Twisting my words
Professor George Belle has adamantly restated his position that the Freundel Stuart Government could fall before its five-year term ends, and flayed detractors for misrepresenting his past statements on the issue.
Further, he said that his statements at a People’s Assembly meeting last month detailing how the current administration can be taken out of power, are within the law, and the methods to which he referred of curtailing a Government’s term of office are legally acceptable.
“You can remove a Government almost immediately after you have elected them, if they have demonstrated that they have betrayed you. The system allows for that,” he told the launch of the University of Independence Square social organisation Saturday night.
“They have five years maximum before going to the electorate. But you could bring down the Government any time before that, under the law, within the Constitution, according to the Westminster system.”

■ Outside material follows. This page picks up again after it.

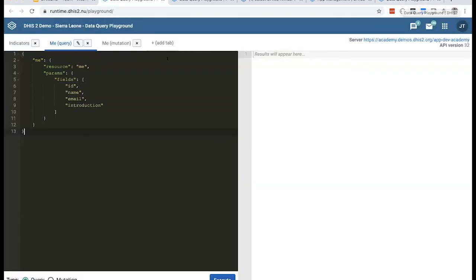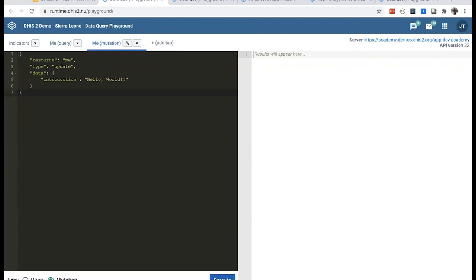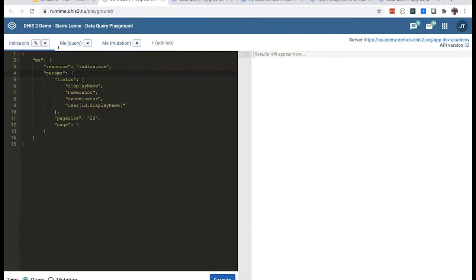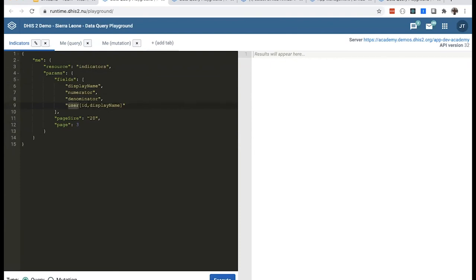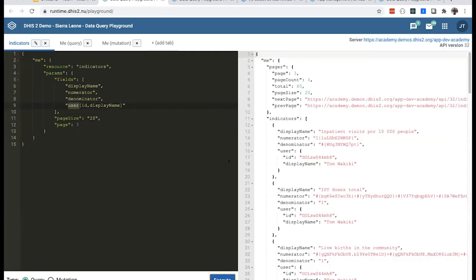I'm demonstrating fetching a list of indicators — page size 20, third page — getting fields like display name, numerator, denominator, and user ID. Clicking execute returns the results on the right. You can also perform mutations: I'll update the 'me' resource, changing the introduction field from 'Hello World!!' to 'Bonjour.' Going back to the me query and executing again confirms the introduction was updated by that mutation — making a PUT or POST request behind the scenes.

Belle, dean of UWI Social Sciences Faculty, explained that in Barbados’ political system the Prime Minister is the “anchor” of Government, and he must retain support of a majority of parliamentarians. When that prop by fellow MPs is reduced to a minority, the Prime Minister can be removed and replaced by another person, or that embattled leader may opt to call fresh elections.
He said there was a rumoured attempt to remove Prime Minister Erskine Sandiford in the 1990s by taking away his support and vesting it in another MP.
“When they tried that with Mr Sandiford, in 1994, Mr Sandiford . . . became alert to that and decided that the only way you’re going to shift [him] is if you face an election,” Belle said, and added: “And that is the power of the Prime Minister. That is the anchor in the system, because he has the power to say ‘I will call an election’.
“And that is the key to the fact that you can change the Government almost at any time, because if that individual loses the command of the House, his Cabinet falls.”
Belle said that following his People’s Assembly statement, another section of the Press showed a misunderstanding of what he had stated, and this was furthered by a columnist of that publication who criticised him.
The holder of a doctorate in political science, restated his position taken at the People’s Assembly rally.
“There could be an appeal to the conscience of the parliamentarians in Parliament, in relation to the kind of crisis that we are facing right now, and on the basis of that appeal, some of those parliamentarians may decide to vote independently, or to cross the floor. And if that happens, and they decide to vote against the Government, the Government will fall.”